━━━ GIVEN RECORDS

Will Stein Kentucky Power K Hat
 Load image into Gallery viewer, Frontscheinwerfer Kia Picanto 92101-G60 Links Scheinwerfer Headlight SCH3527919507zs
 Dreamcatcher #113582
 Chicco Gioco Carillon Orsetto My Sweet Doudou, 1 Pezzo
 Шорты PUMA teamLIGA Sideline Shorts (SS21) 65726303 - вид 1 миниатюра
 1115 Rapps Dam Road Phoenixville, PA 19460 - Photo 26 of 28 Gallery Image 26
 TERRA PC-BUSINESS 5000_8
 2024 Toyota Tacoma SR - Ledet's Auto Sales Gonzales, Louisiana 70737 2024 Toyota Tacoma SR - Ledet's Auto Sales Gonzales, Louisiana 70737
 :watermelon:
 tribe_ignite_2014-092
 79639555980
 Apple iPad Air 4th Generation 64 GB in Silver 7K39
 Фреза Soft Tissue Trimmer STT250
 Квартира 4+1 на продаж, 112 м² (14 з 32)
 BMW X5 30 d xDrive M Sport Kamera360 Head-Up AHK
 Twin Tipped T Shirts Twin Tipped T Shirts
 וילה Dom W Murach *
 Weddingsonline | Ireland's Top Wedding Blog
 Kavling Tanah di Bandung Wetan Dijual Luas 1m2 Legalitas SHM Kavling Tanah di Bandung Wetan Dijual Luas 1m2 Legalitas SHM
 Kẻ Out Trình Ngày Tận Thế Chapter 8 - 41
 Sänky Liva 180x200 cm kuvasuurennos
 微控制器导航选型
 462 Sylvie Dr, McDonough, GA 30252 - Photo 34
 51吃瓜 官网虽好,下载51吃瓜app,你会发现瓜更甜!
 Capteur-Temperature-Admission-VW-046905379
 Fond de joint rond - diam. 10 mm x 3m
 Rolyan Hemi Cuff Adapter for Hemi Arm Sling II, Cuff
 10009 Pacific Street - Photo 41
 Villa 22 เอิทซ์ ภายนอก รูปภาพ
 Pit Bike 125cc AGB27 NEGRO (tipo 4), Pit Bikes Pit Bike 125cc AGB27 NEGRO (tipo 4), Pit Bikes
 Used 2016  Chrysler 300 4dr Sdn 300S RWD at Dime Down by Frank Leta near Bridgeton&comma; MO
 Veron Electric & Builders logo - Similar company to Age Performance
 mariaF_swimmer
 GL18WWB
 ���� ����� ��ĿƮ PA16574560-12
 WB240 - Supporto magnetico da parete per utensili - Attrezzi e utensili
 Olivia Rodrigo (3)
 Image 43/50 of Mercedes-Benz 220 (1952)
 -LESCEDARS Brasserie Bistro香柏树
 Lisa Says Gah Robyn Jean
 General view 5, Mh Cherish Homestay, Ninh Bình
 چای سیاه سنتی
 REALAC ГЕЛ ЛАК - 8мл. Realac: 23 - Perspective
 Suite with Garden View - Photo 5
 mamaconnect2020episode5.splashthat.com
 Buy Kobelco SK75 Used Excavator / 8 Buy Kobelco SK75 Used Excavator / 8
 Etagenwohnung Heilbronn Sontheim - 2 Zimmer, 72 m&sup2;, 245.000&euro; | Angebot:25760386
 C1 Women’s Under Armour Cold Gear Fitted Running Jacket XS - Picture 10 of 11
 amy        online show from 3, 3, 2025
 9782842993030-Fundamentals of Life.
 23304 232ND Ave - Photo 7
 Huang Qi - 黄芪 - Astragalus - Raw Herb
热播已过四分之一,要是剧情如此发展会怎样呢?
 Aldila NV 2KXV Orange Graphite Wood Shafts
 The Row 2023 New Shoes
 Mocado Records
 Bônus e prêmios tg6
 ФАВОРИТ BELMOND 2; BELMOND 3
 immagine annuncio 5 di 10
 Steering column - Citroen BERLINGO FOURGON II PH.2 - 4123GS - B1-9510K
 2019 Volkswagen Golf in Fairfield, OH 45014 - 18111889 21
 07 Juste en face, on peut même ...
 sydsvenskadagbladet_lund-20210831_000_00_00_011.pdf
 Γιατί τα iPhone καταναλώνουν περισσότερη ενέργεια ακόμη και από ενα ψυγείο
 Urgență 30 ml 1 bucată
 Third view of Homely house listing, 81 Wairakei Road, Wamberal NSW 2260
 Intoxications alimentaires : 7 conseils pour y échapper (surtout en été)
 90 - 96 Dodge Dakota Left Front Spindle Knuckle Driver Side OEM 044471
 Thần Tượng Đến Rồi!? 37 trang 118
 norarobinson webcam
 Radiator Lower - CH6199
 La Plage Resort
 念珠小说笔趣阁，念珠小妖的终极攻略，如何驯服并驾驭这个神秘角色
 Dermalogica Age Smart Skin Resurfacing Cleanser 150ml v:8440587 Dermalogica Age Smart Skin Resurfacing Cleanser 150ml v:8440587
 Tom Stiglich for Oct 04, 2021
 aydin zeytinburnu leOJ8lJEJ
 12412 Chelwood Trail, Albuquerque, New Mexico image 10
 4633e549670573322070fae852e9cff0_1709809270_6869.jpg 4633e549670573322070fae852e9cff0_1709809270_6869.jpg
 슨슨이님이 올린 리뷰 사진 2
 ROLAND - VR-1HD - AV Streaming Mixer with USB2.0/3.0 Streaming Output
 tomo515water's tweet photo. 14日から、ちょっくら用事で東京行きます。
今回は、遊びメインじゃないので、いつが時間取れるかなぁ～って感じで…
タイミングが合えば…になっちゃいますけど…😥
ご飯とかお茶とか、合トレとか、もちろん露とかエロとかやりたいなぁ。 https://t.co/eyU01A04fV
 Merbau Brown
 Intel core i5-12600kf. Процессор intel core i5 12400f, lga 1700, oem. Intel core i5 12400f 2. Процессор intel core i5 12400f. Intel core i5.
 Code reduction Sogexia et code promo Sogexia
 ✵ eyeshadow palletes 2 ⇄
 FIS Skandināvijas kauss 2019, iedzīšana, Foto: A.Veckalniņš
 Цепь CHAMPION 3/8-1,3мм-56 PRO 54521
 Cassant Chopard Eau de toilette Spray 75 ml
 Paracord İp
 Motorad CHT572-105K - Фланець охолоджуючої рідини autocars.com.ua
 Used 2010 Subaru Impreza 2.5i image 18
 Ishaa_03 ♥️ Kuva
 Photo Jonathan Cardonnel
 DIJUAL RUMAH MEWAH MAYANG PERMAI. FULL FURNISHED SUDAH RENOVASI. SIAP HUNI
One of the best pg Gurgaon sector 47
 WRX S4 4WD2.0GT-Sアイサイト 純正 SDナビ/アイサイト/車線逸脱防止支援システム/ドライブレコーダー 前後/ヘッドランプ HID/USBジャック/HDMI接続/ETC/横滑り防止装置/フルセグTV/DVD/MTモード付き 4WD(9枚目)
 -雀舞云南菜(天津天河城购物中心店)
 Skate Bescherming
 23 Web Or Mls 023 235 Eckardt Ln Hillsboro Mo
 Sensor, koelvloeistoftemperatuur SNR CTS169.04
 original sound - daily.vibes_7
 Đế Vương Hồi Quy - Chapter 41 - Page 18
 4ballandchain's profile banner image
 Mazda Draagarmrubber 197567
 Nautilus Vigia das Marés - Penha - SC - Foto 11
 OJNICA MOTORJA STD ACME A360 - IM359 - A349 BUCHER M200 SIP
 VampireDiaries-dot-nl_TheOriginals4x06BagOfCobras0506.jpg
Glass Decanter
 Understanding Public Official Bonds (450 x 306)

━━━━━━

**EXERCISE DETAILS:** All of the material, start to finish, should be retyped exactly.

**SOLUTION FOR THIS TASK:**
Will Stein Kentucky Power K Hat
 Load image into Gallery viewer, Frontscheinwerfer Kia Picanto 92101-G60 Links Scheinwerfer Headlight SCH3527919507zs
 Dreamcatcher #113582
 Chicco Gioco Carillon Orsetto My Sweet Doudou, 1 Pezzo
 Шорты PUMA teamLIGA Sideline Shorts (SS21) 65726303 - вид 1 миниатюра
 1115 Rapps Dam Road Phoenixville, PA 19460 - Photo 26 of 28 Gallery Image 26
 TERRA PC-BUSINESS 5000_8
 2024 Toyota Tacoma SR - Ledet's Auto Sales Gonzales, Louisiana 70737 2024 Toyota Tacoma SR - Ledet's Auto Sales Gonzales, Louisiana 70737
 :watermelon:
 tribe_ignite_2014-092
 79639555980
 Apple iPad Air 4th Generation 64 GB in Silver 7K39
 Фреза Soft Tissue Trimmer STT250
 Квартира 4+1 на продаж, 112 м² (14 з 32)
 BMW X5 30 d xDrive M Sport Kamera360 Head-Up AHK
 Twin Tipped T Shirts Twin Tipped T Shirts
 וילה Dom W Murach *
 Weddingsonline | Ireland's Top Wedding Blog
 Kavling Tanah di Bandung Wetan Dijual Luas 1m2 Legalitas SHM Kavling Tanah di Bandung Wetan Dijual Luas 1m2 Legalitas SHM
 Kẻ Out Trình Ngày Tận Thế Chapter 8 - 41
 Sänky Liva 180x200 cm kuvasuurennos
 微控制器导航选型
 462 Sylvie Dr, McDonough, GA 30252 - Photo 34
 51吃瓜 官网虽好,下载51吃瓜app,你会发现瓜更甜!
 Capteur-Temperature-Admission-VW-046905379
 Fond de joint rond - diam. 10 mm x 3m
 Rolyan Hemi Cuff Adapter for Hemi Arm Sling II, Cuff
 10009 Pacific Street - Photo 41
 Villa 22 เอิทซ์ ภายนอก รูปภาพ
 Pit Bike 125cc AGB27 NEGRO (tipo 4), Pit Bikes Pit Bike 125cc AGB27 NEGRO (tipo 4), Pit Bikes
 Used 2016  Chrysler 300 4dr Sdn 300S RWD at Dime Down by Frank Leta near Bridgeton&comma; MO
 Veron Electric & Builders logo - Similar company to Age Performance
 mariaF_swimmer
 GL18WWB
 ���� ����� ��ĿƮ PA16574560-12
 WB240 - Supporto magnetico da parete per utensili - Attrezzi e utensili
 Olivia Rodrigo (3)
 Image 43/50 of Mercedes-Benz 220 (1952)
 -LESCEDARS Brasserie Bistro香柏树
 Lisa Says Gah Robyn Jean
 General view 5, Mh Cherish Homestay, Ninh Bình
 چای سیاه سنتی
 REALAC ГЕЛ ЛАК - 8мл. Realac: 23 - Perspective
 Suite with Garden View - Photo 5
 mamaconnect2020episode5.splashthat.com
 Buy Kobelco SK75 Used Excavator / 8 Buy Kobelco SK75 Used Excavator / 8
 Etagenwohnung Heilbronn Sontheim - 2 Zimmer, 72 m&sup2;, 245.000&euro; | Angebot:25760386
 C1 Women’s Under Armour Cold Gear Fitted Running Jacket XS - Picture 10 of 11
 amy        online show from 3, 3, 2025
 9782842993030-Fundamentals of Life.
 23304 232ND Ave - Photo 7
 Huang Qi - 黄芪 - Astragalus - Raw Herb
热播已过四分之一,要是剧情如此发展会怎样呢?
 Aldila NV 2KXV Orange Graphite Wood Shafts
 The Row 2023 New Shoes
 Mocado Records
 Bônus e prêmios tg6
 ФАВОРИТ BELMOND 2; BELMOND 3
 immagine annuncio 5 di 10
 Steering column - Citroen BERLINGO FOURGON II PH.2 - 4123GS - B1-9510K
 2019 Volkswagen Golf in Fairfield, OH 45014 - 18111889 21
 07 Juste en face, on peut même ...
 sydsvenskadagbladet_lund-20210831_000_00_00_011.pdf
 Γιατί τα iPhone καταναλώνουν περισσότερη ενέργεια ακόμη και από ενα ψυγείο
 Urgență 30 ml 1 bucată
 Third view of Homely house listing, 81 Wairakei Road, Wamberal NSW 2260
 Intoxications alimentaires : 7 conseils pour y échapper (surtout en été)
 90 - 96 Dodge Dakota Left Front Spindle Knuckle Driver Side OEM 044471
 Thần Tượng Đến Rồi!? 37 trang 118
 norarobinson webcam
 Radiator Lower - CH6199
 La Plage Resort
 念珠小说笔趣阁，念珠小妖的终极攻略，如何驯服并驾驭这个神秘角色
 Dermalogica Age Smart Skin Resurfacing Cleanser 150ml v:8440587 Dermalogica Age Smart Skin Resurfacing Cleanser 150ml v:8440587
 Tom Stiglich for Oct 04, 2021
 aydin zeytinburnu leOJ8lJEJ
 12412 Chelwood Trail, Albuquerque, New Mexico image 10
 4633e549670573322070fae852e9cff0_1709809270_6869.jpg 4633e549670573322070fae852e9cff0_1709809270_6869.jpg
 슨슨이님이 올린 리뷰 사진 2
 ROLAND - VR-1HD - AV Streaming Mixer with USB2.0/3.0 Streaming Output
 tomo515water's tweet photo. 14日から、ちょっくら用事で東京行きます。
今回は、遊びメインじゃないので、いつが時間取れるかなぁ～って感じで…
タイミングが合えば…になっちゃいますけど…😥
ご飯とかお茶とか、合トレとか、もちろん露とかエロとかやりたいなぁ。 https://t.co/eyU01A04fV
 Merbau Brown
 Intel core i5-12600kf. Процессор intel core i5 12400f, lga 1700, oem. Intel core i5 12400f 2. Процессор intel core i5 12400f. Intel core i5.
 Code reduction Sogexia et code promo Sogexia
 ✵ eyeshadow palletes 2 ⇄
 FIS Skandināvijas kauss 2019, iedzīšana, Foto: A.Veckalniņš
 Цепь CHAMPION 3/8-1,3мм-56 PRO 54521
 Cassant Chopard Eau de toilette Spray 75 ml
 Paracord İp
 Motorad CHT572-105K - Фланець охолоджуючої рідини autocars.com.ua
 Used 2010 Subaru Impreza 2.5i image 18
 Ishaa_03 ♥️ Kuva
 Photo Jonathan Cardonnel
 DIJUAL RUMAH MEWAH MAYANG PERMAI. FULL FURNISHED SUDAH RENOVASI. SIAP HUNI
One of the best pg Gurgaon sector 47
 WRX S4 4WD2.0GT-Sアイサイト 純正 SDナビ/アイサイト/車線逸脱防止支援システム/ドライブレコーダー 前後/ヘッドランプ HID/USBジャック/HDMI接続/ETC/横滑り防止装置/フルセグTV/DVD/MTモード付き 4WD(9枚目)
 -雀舞云南菜(天津天河城购物中心店)
 Skate Bescherming
 23 Web Or Mls 023 235 Eckardt Ln Hillsboro Mo
 Sensor, koelvloeistoftemperatuur SNR CTS169.04
 original sound - daily.vibes_7
 Đế Vương Hồi Quy - Chapter 41 - Page 18
 4ballandchain's profile banner image
 Mazda Draagarmrubber 197567
 Nautilus Vigia das Marés - Penha - SC - Foto 11
 OJNICA MOTORJA STD ACME A360 - IM359 - A349 BUCHER M200 SIP
 VampireDiaries-dot-nl_TheOriginals4x06BagOfCobras0506.jpg
Glass Decanter
 Understanding Public Official Bonds (450 x 306)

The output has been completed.